At some point, Periasamy concluded that POSIX was not going to be the optimal technology for the internet age, since he came to realize it was ill-suited to performing file manipulations across these vast storage networks. He considered incorporating an S3 gateway into the file system as a way to offer a unified platform. Soon though, he realized that the two models were fundamentally incompatible, since the S3 gateway added too much baggage to the file system. “You would end up building a mediocre file system and a terrible object storage system,” he explained.  GlusterFS did, however, finds some adherents in the cloud space, and was acquired by Red Hat in 2011.

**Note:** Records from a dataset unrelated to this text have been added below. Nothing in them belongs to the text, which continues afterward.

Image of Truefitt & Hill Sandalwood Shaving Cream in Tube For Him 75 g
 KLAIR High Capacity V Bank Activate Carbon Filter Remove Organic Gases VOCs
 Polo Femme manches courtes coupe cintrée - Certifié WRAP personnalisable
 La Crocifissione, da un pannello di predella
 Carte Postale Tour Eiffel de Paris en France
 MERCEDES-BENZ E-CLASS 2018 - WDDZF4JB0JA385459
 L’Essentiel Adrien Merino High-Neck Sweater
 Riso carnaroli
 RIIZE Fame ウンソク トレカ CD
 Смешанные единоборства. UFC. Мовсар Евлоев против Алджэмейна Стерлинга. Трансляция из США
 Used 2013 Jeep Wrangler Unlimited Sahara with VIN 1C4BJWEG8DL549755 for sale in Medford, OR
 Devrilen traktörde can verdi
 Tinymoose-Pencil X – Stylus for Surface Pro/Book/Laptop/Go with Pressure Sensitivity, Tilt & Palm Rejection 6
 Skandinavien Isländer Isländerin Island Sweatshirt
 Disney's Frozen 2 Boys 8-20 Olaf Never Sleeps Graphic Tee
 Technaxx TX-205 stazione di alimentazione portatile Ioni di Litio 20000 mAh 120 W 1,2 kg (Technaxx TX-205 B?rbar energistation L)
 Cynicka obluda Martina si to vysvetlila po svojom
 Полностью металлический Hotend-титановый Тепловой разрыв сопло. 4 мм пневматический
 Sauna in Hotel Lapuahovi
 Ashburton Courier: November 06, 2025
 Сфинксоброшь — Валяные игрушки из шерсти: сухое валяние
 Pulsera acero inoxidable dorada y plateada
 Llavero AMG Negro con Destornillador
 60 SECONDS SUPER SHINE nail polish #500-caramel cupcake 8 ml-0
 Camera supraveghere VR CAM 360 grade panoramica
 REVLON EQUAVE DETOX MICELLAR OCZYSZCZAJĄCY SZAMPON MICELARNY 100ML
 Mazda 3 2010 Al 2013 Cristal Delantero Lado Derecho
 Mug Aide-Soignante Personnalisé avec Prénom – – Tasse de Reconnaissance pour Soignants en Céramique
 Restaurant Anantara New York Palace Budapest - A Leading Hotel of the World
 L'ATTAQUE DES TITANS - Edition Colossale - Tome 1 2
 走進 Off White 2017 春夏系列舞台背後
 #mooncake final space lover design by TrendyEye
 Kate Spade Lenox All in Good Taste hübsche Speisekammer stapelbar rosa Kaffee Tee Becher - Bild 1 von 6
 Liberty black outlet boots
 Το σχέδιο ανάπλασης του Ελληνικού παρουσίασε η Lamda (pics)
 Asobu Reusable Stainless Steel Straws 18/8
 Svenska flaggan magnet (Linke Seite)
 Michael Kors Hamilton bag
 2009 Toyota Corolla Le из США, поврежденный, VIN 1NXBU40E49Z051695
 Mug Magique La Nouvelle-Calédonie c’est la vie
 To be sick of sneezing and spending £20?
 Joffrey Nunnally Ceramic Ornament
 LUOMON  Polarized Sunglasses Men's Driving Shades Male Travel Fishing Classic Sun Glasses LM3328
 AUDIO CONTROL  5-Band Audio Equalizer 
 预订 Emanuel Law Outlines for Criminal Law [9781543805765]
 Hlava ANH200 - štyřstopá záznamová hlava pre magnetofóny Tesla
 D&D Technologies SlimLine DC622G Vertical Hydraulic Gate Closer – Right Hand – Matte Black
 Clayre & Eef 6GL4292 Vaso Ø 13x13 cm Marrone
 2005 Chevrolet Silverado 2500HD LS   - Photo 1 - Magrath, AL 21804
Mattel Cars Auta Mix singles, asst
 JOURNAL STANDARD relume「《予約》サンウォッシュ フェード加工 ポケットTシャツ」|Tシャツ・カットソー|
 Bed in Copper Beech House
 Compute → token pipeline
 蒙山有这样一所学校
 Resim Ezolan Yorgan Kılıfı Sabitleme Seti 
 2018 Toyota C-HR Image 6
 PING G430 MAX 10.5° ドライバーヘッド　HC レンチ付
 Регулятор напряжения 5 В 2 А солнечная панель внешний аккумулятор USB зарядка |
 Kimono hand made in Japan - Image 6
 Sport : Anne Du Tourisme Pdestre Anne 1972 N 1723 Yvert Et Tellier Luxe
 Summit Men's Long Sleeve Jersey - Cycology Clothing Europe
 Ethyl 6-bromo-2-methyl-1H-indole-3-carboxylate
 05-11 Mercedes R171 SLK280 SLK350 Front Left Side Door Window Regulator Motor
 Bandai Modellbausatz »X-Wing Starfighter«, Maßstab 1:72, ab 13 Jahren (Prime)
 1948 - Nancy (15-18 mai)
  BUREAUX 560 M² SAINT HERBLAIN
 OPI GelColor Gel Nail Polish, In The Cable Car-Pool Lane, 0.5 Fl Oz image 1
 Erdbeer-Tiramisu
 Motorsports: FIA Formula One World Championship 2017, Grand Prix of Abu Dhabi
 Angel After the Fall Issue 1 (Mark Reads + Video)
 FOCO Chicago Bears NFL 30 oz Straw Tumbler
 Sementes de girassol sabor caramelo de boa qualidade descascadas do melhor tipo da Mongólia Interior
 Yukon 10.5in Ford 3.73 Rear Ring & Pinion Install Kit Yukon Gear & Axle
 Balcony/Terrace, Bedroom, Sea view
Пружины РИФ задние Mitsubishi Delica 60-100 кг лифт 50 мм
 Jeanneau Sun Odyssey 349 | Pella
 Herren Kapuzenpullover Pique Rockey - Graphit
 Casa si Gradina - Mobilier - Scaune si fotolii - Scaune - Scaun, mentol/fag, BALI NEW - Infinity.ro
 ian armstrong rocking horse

Eventually Periasamy went back to the drawing board and decided to develop a distributed file system built exclusively around S3. Thus was born MinIO. According to Periasamy though, they did not set out to capture the enterprise database market when the company launched in 2014. As it turned out, that was just a fortunate confluence of events and trends.

From his perspective, object storage was just for unstructured data, while databases were about storing “mutable metadata.”  And compared to the enormous amounts of unstructured data in the cloud, these enterprise databases were comparatively small. “What I learned in the last three years was that it’s not actually photos and videos that’s consuming petabytes of storage in these organizations,” he told us. “It’s actually metadata at petascale.”

What he’s referring to are every-increasing stores of financial transactions, event logs, and other types of journaling that businesses are accumulating and now analyzing. As these databases grew, their keepers discovered they did not scale well with the traditional file and block model. At that point, they began to turn to object storage, which began in the public cloud. According to Periasamy, most of the analytics engines today – Snowflake, Azure ML, Power BI, SageMaker, BitQuery, and a host of others – are now tapping into object storage.

More recently, this database-object model has spilled into private clouds, said Periasamy. That’s when he noticed that a number of these engines were being positioned on top of MinIO. Apparently, they first became of aware of this with banking customers. “The ones that surprised me the most was transactional databases started looking inside object storage,” he said.

By bringing performance to the object storage table, MinIO is likely to keep accumulating users as more enterprises embrace the object storage model for their datasets. The MinIO server, client and software development are available under the Apache license and can be downloaded for free.  Of course, if you want additional software support services, MinIO is more than happy to sign you up for a subscription.